Why not read the installation instructions instead of speculating on the requirements. The instructions for my lift call for 4" thick concrete and assume the floor has been poured prior to installation so anchor bolts are specified. Every 2 post lift I have seen is done thusly. Your suggestion of placing a threaded steel plate under the slab is absurd. And your idea that that a lift will easily fall over is simply unsupported by fact or practice.

Reply to
Chas Hurst

Since you didn't supply the requirements I have no choice but to speculate.

As I said already, what hardness are we talking. Is this concrete reinforced or not? What is it on?

How many 2 post lifts have you seen in home garages?

The OP didn't say if this lift was going into a commercial installation or into a garage in a home. The fact that he did say that he was currently using 4 jackstands makes me strongly suspicious that it is in fact a home. The fact that he posted here asking this instead of calling and asking the manufacturer of the NEW lift that he just bought (who have people who's job is to answer these kinds of questions) or is considering buying, also leads me to believe that he has a line on some old lift somewhere he can get cheap - one more indicator of a home user here, not a commercial install.

Threaded steel plate? Where did that come from? I said steel plate, I said nothing about it being threaded.

And you are wrong about it being absurd. Concrete floors in commercial buildings are usually quite different than Bob and Jane's home garage floor. For one thing they use re-rod, or in the newer ones they use a polymer mixed into the concrete that does the same thing. They are also laid on quite a lot of compacted gravel, not just a few rakes of gravel over dirt. (or, just dirt) As a result they aren't sitting on a bunch of soft spots or voids which crack the shit out of them.

You put a couple tons on a 6 inch or 1 foot square area in a commercial building and the concrete just sits there doing nothing. Try that in a home garage and if it's got a good foundation, nothing happens. If there happens to be a void or soft spot under it, you can crack it. That is why so many garage floors in homes have cracks in them - the weight of the car cracks the slab like you would take a board in both hands and snap it over your knee.

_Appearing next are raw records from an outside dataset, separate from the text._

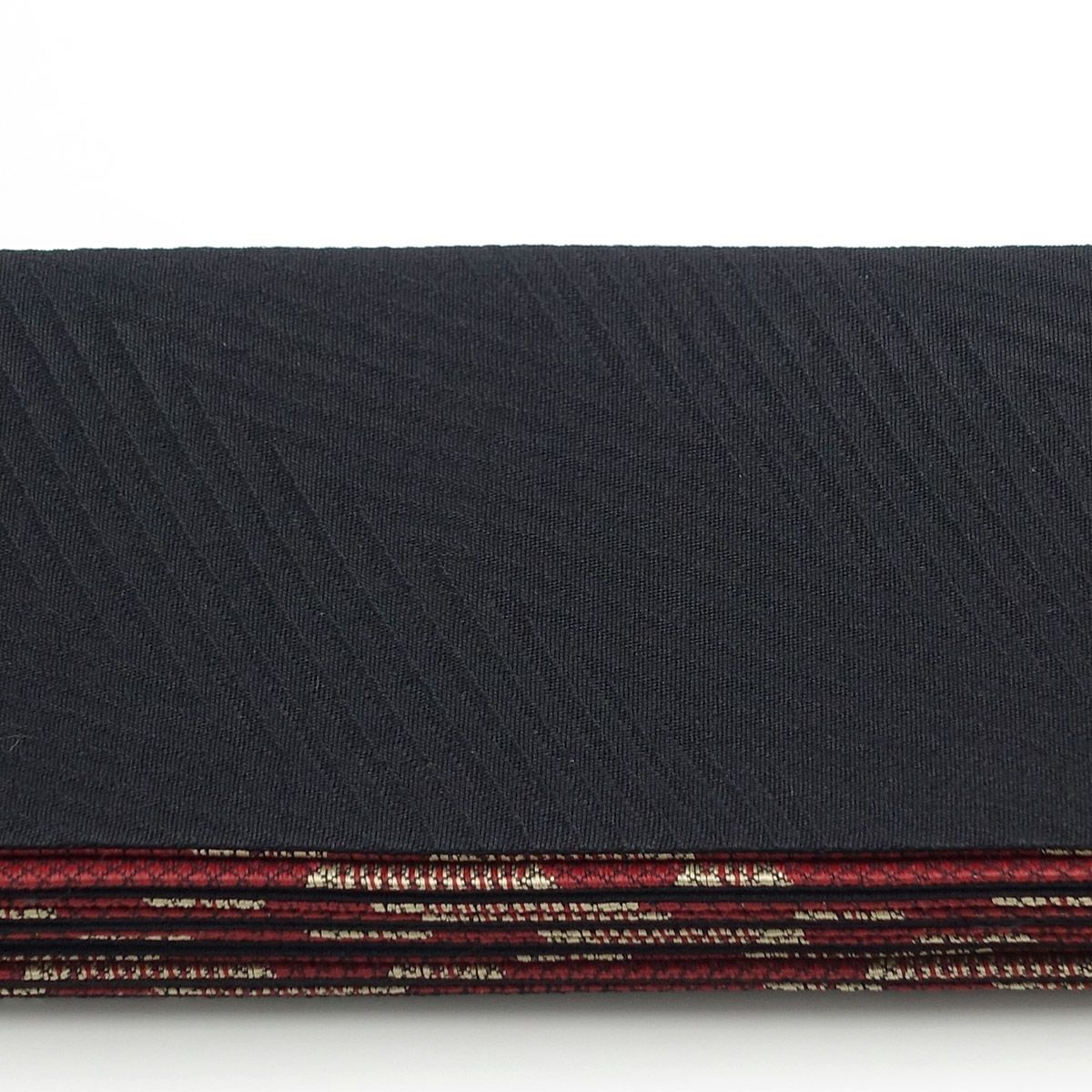 角帯 桐生織 交差 赤黄×黒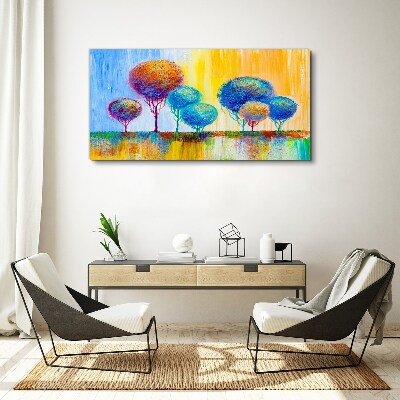 Colorful trees in the sunset light Canvas Wall art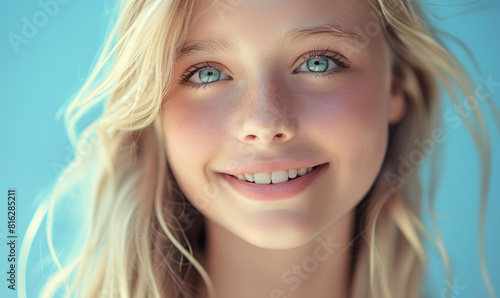 A smiling blonde teenage gi...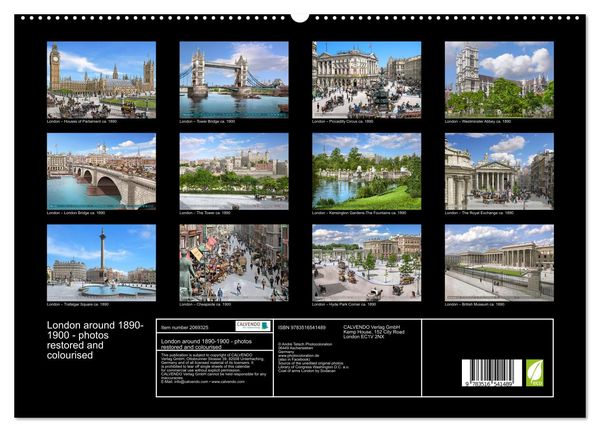 Produktbild: London around 1890-1900 - photos restored and colourised (High Quality Premium Wall Calendar 2026 DIN A2 landscape),CALVENDO 12 Month Wall Calendar
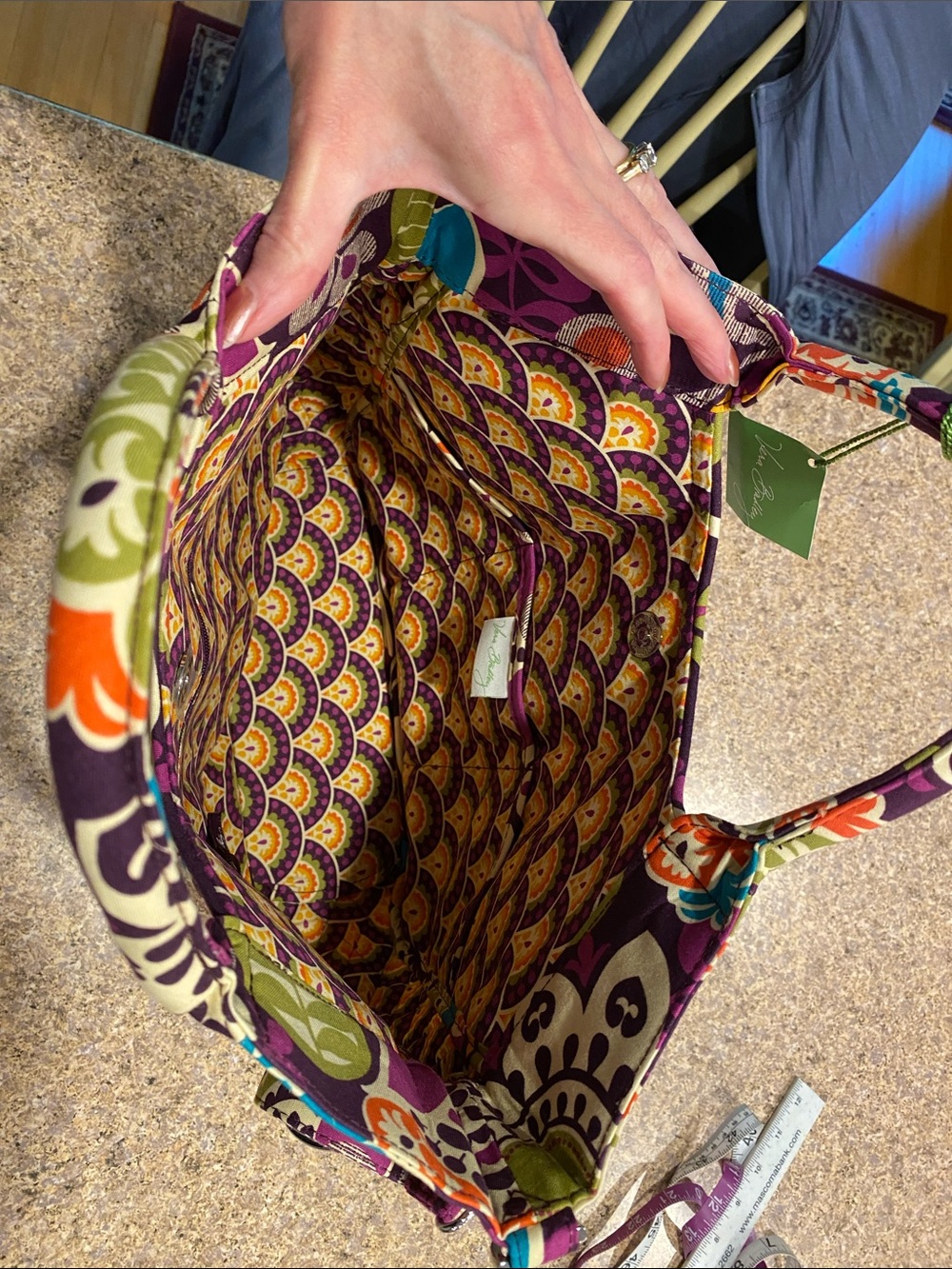 NWT Vera Bradley Plum Crazy Two Way Tote Quilted Bag With Detachable Strap MUSTY - Picture 10 of 16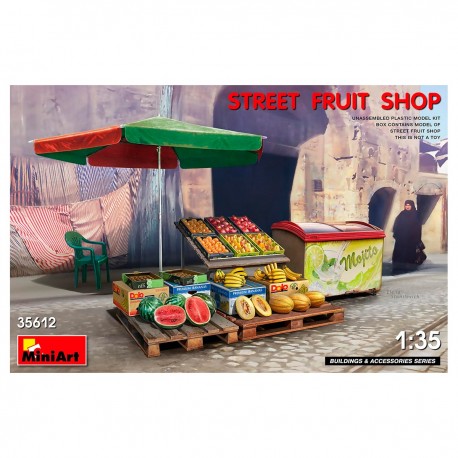 Maquete de loja de frutas de rua com várias peças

In fact, you can crack a home garage floor with a good solid blow from a heavy sledgehammer if you hit it in the right spot.

If that crack happens to intersect the hole you have your anchor hammered down into, that anchor will lose all abaility to resist any kind of real pulling force.

If he is in a home garage and does what a lot of people do and just drills a couple holes and hammers down some anchors, if he puts an unbalanced load on that lift there is a real possibility the anchors could come out. If there are existing cracks in the garage floor that happen to surround where the footer is, the entire section of the slab in the cracked area could start leveraging up.

Then you have no explanation for the jpg that I posted which clearly shows a destroyed concrete footer by a post using bolts a lot bigger than any that a lift would use. Wouldn't you like to know how that happened? I'll tell you, it was during the construction of a building, by people who quite obviously had no better concept of a lever than you have shown. Several people missed being killed by inches on that job. Sadly, almost the same thing happened a few years back during the expansion of the PDX airport parking garage and 2 people did lose their lives as a result.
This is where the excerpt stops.